With Manchester City already 15 points clear of the second-place team, their closest competitors — well, they’re not really that close, and they can’t handle being so far behind

Getty Images/Ringer illustration

We already know who’s gonna win it all, but things just below the top of the Premier League table are getting a bit weird as some of the best managers in the world struggle to come to terms with the prospect of Manchester City’s continued dominance. What happens next? The guys from Ringer FC got together to discuss English football’s foreseeable future.

Ryan O’Hanlon: Two years ago, the idea that Arsenal was considering selling its biggest superstar to a British Champions League club during the January transfer window wouldn’t have even passed The Sun’s editorial sniff test. And yet, here we are — on the verge of Arsène Wenger shifting the last six months of Alexis Sánchez off to Manchester City for some £30 million. Meanwhile, Liverpool just lost its best player, Tottenham is seemingly on the verge of losing all of its best players, and José Mourinho and Antonio Conte are a couple of weeks away from a shirtless staring contest. With City currently 15 points ahead of second-place United, the league is over, and the other five clubs of the so-called Top Six just can’t deal. So, my question to you all is the same one that seems to be driving the rest of the league mad: What do you play for … when there’s nothing to play for?

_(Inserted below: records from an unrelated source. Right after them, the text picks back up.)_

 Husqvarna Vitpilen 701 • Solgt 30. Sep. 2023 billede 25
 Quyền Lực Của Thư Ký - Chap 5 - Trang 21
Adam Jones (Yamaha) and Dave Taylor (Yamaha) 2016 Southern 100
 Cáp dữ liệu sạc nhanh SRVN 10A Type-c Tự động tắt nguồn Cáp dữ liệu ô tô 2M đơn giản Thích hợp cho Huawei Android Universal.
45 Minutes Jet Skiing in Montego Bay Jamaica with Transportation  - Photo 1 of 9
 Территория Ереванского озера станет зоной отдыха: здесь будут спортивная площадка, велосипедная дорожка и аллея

Donnie Kwak: Well, the obvious answer is a Champions League place. That’s a lot to play for. Also, every team you mentioned has a fixture remaining with City, so ruining their bid for history is also something to play for.

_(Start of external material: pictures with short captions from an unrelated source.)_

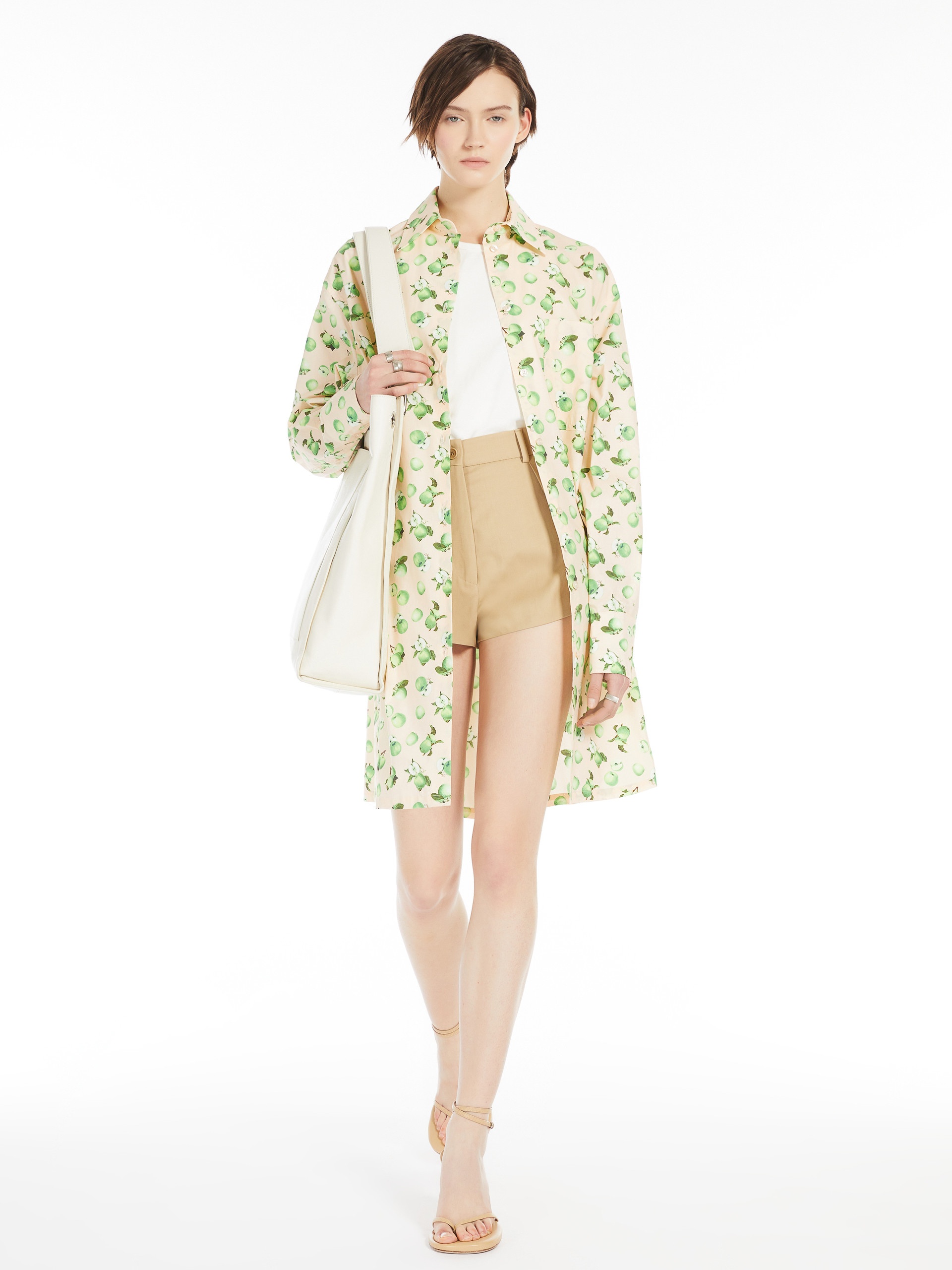 【Sportmax】関税込★shirt dress SPORTMAX Fabiana Poplin Shirt Dress Sportmax
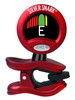 Snark Silver Snark Chromatic Rechargeable Tuner - Red (SIL-RED-U) | Musician Madness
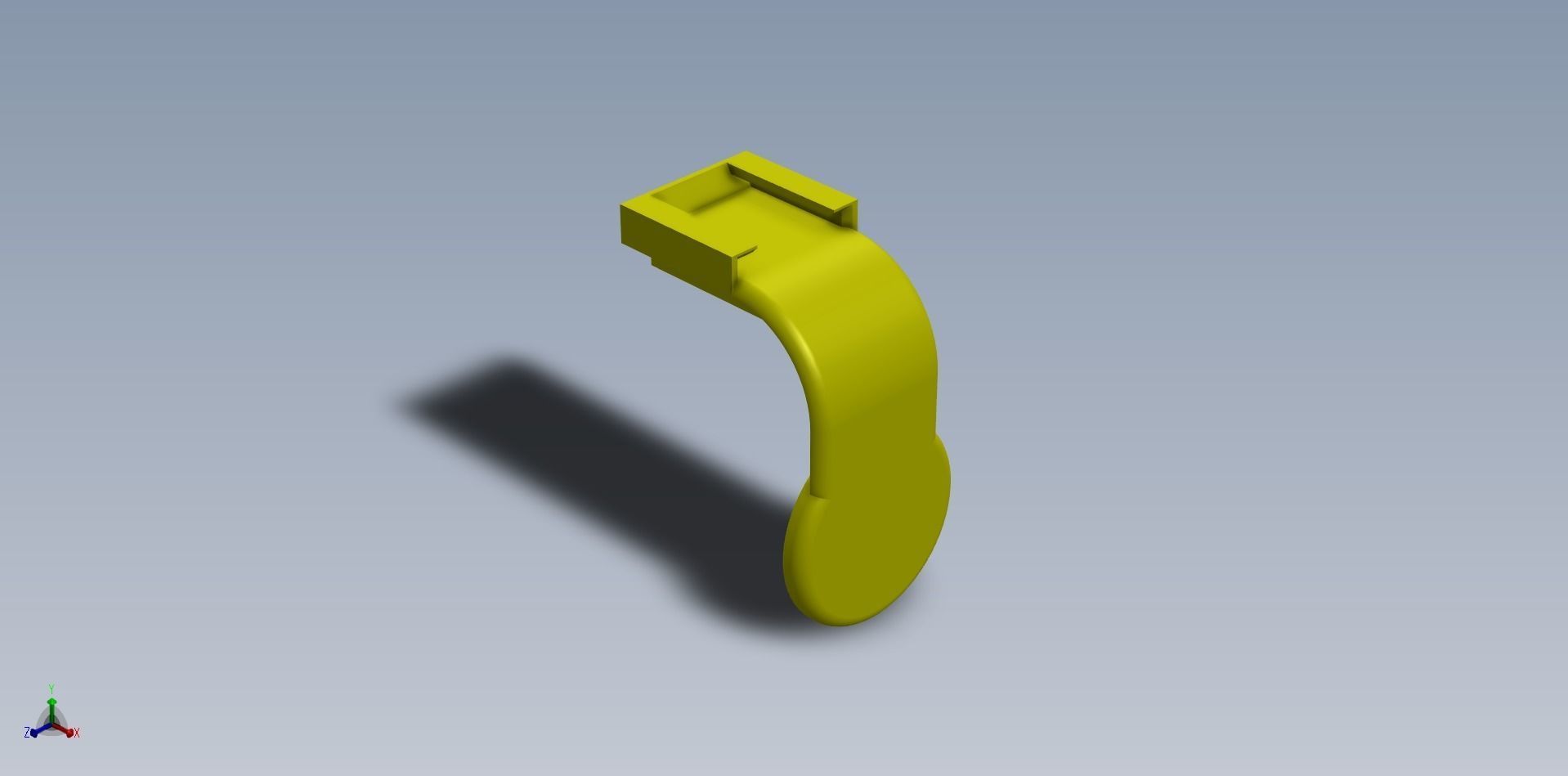 Camera Eye Piece Cap 3D print model_1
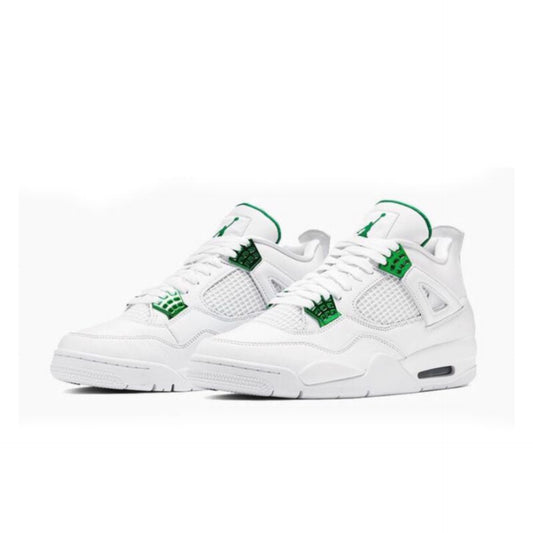 Air Jordan 4 retro Metallic green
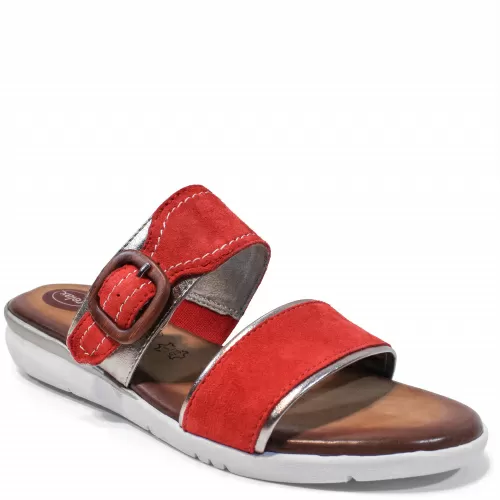 Сабо JANA Красный, 42, 43, 44, 45 фото каталог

From the Arsenal perspective, I’d push back a little on the idea that selling Alexis is some kind of shock. Perhaps it’s the fact that it’s in January that makes it surprising, given that he should’ve moved in the summer. Still, Arsène selling Robin van Persie to United in the summer of 2012 was much, much worse.

Chris Ryan: What’s interesting to me about this particular run-in is how many of these teams could be coming up on the end of a cycle. The “Wenger out” chants have died down, but if Arsenal sell Sánchez, lose Mesut Ozil on a free, and miss out on the Champions League, don’t be surprised if they start up again. Like Ryan said, Tottenham will have to fend off interest in Harry Kane, Christian Eriksen, Dele Alli, most of their defenders, their keeper, and, perhaps most importantly, their manager, Mauricio Pochettino. If you’re Ed Woodward, would you rather give José Mourinho access to your checkbook, or CTC for a Poch-Kane double swoop? And then there’s Liverpool, who might have just traded Champions League qualification for around £140 million. City’s impact isn’t limited to this season; we could be feeling it for years to come.

Kwak: Arsenal and Tottenham are fringe European teams at this point, though. Chelsea and United have done the “destroy and rebuild” routine every other season now for a while now. Liverpool’s the most interesting team at the moment. They have a manager with a clear vision and who isn’t going anywhere for a while.

Micah Peters: Mo Salah is maybe the second- or third-best attacking player in the Prem depending on the week, and Naby Keïta is showing up to Merseyside in the summer, AND YOU JUST SPENT £75 MILLION ON A CENTER BACK. I’d say this Liverpool team is poised to at least inconvenience Pep’s City team. Which may very well be the best in England for the foreseeable forever. Speaking of Coutinho, Harry Kane was pretty impressed with how “professional” his Liverpool exit was. I wonder if Harry knows exactly how much money he’s not making at Tottenham.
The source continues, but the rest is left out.